This research introduces an innovative method of lossy quantum dimension reduction for efficiently sampling and analyzing stochastic processes across scientific disciplines. The approach addresses a fundamental challenge: the exponential growth in computational complexity when modeling stochastic processes over time.
The authors focus on compressing the memory system required to propagate correlations between past and future states in quantum sample states (q-samples). Traditional approaches, including Monte Carlo methods, require substantial memory resources to carry information about temporal correlations. While quantum information processing already offers advantages over classical methods—providing quadratic speedups and enhanced expressivity—this new technique pushes those benefits further.
The paper’s key innovation is a systematic lossy quantum dimension reduction approach that determines a new circuit with fixed memory dimension to approximate the original q-sample. This method draws inspiration from matrix product state truncation techniques and exploits a correspondence between matrix product states and q-samples.

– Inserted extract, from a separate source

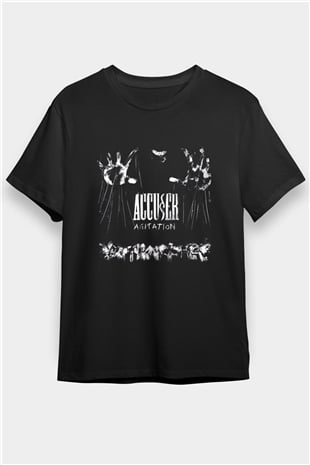 Accuser Baskılı Unisex Siyah Tişört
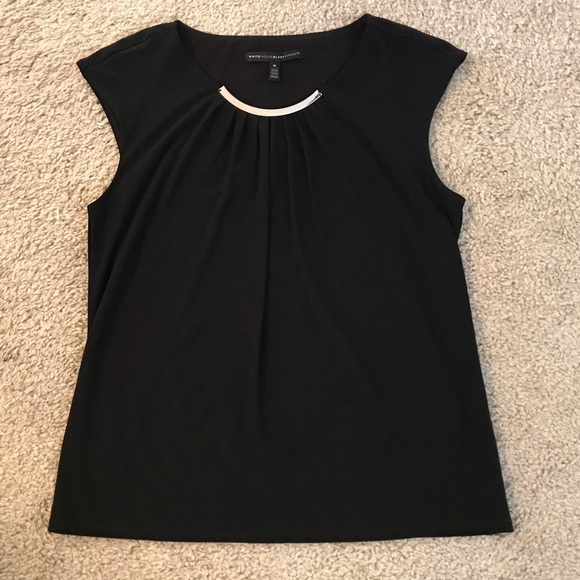 WHBM black knit shell with silver hardware - Picture 2 of 12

The quantum sampling approach works through a recurrent circuit structure that propagates a memory system to interact with blank ancillae, sequentially building the q-sample state timestep by timestep. This circuit design scales linearly with the number of timesteps rather than exponentially. However, the memory system dimension can still grow large for complex processes with strong temporal correlations—which is where the proposed compression technique provides significant benefits.
Testing demonstrates that this approach yields high-fidelity approximations for both Markovian processes (with limited temporal dependencies) and highly non-Markovian processes (with strong temporal correlations). The authors explore the tradeoff between compression ratio and distortion, showing their method effectively balances memory savings against accuracy.
Notably, the technique achieves compression beyond both current state-of-the-art lossless quantum dimension reduction for quantum models and lossy compression for classical models, while maintaining highly accurate reconstruction of output statistics.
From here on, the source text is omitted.